Painting medium in which ground pigment (colour) is bound with oil, usually linseed. It has the advantage of being slow to dry and therefore reworkable. Oil paint can be applied with a brush or a palette knife to a prepared ground, usually stretched canvas.
Oil paint was used for decorating houses as early as the 5th century, but its artistic application was gradually adopted and refined by artists such as the 15th-century Flemish painter Jan van Eyck. Passing from Flanders to Italy, oil paint quickly overtook tempera as the standard medium because of its flexibility and luminosity. Since the 16th century oil paint has been considered first among painting media, although acrylic paint may prove to be a rival because of its quick drying time.
Techniques of the old masters One of the most elaborate techniques using oil paints, favoured by the old masters, employed the building up of colours in layers from dark to lighter tones. The paint was applied in a way that allowed the lower layers to show through the upper layers to a certain extent. Transparent glazes were also added to give further gradations of tone. The old masters had to rely on extensive knowledge of the different chemical qualities of the paints because, if they were not carefully applied, the layers of paint could damage those around or next to them over a period of time.
Netherlandish technique Oil painting first developed in a distinct form in the Netherlands and Germanic lands during the 14th century, and with van Eyck attained a brilliance that led to the belief that he possessed some secret process. His method, and the Netherlandish method in general, was to paint transparently on a white gesso ground, the picture being smoothly finished piece by piece, with a luminous enamel-like result. The method was taken up in Italy, Antonello da Messina being a pioneer.
Renaissance techniques In Venice, Giovanni Bellini rivalled the brilliance of Flemish technique. A combination of a tempera underpainting with a final glaze of oil colour was a Renaissance technique used by Michelangelo. In the 16th and 17th centuries there was a further development of technique, and a desire to obtain greater depth and three-dimensional effect. The transparent method, still in essence that of the tempera painter, was replaced by a more elaborate process. The picture was first painted in monochrome, and on this basis the light parts were painted with thick opaque colour, the shadows being painted thinly. Successive glazes of transparent colour gave richness. The new phase of oil painting flourished in Venice, and Titian represents its perfection. Rembrandt, Rubens, and Velázquez give individual variants of what may be called the classic method.

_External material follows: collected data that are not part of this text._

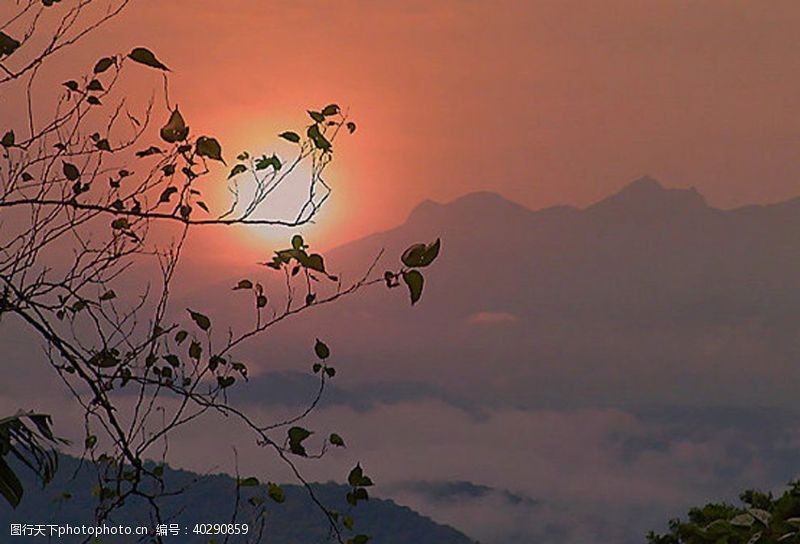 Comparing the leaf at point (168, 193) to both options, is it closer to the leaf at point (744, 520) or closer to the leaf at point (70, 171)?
the leaf at point (70, 171)

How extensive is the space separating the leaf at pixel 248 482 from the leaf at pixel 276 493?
6 cm

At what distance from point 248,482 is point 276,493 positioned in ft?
0.31

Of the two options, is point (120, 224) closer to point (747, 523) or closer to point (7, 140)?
point (7, 140)

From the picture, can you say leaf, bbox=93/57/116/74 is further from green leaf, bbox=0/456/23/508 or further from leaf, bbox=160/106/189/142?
green leaf, bbox=0/456/23/508

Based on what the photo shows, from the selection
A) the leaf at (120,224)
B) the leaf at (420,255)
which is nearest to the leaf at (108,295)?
the leaf at (120,224)

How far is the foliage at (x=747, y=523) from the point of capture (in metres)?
2.89

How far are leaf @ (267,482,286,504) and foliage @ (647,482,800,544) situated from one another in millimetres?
1283

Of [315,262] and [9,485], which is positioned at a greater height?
[315,262]

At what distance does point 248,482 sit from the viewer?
3.40 meters

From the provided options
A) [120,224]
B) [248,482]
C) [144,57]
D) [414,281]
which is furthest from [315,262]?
[248,482]

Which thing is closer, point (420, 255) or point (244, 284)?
point (420, 255)

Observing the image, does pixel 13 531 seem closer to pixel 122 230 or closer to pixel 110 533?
pixel 110 533

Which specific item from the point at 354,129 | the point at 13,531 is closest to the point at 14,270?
the point at 354,129

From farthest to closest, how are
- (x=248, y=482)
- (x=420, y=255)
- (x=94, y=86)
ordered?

Modern techniques A decisive change came with the 19th century, when painters such as the Impressionists abandoned the old-master process of building up a picture in stages, in favour of a direct mode of painting. In part this was due to the practice of painting from nature, which made swiftness of achievement necessary.
Oil painting has remained particularly responsive to individual treatment. For instance, the later work of Paul Cézanne, with its application of transparent colour (almost like watercolour) to represent delicate modifications of light on the form of an object, can be contrasted with the heavily loaded paint of Vincent van Gogh, who used the medium with an emotional violence.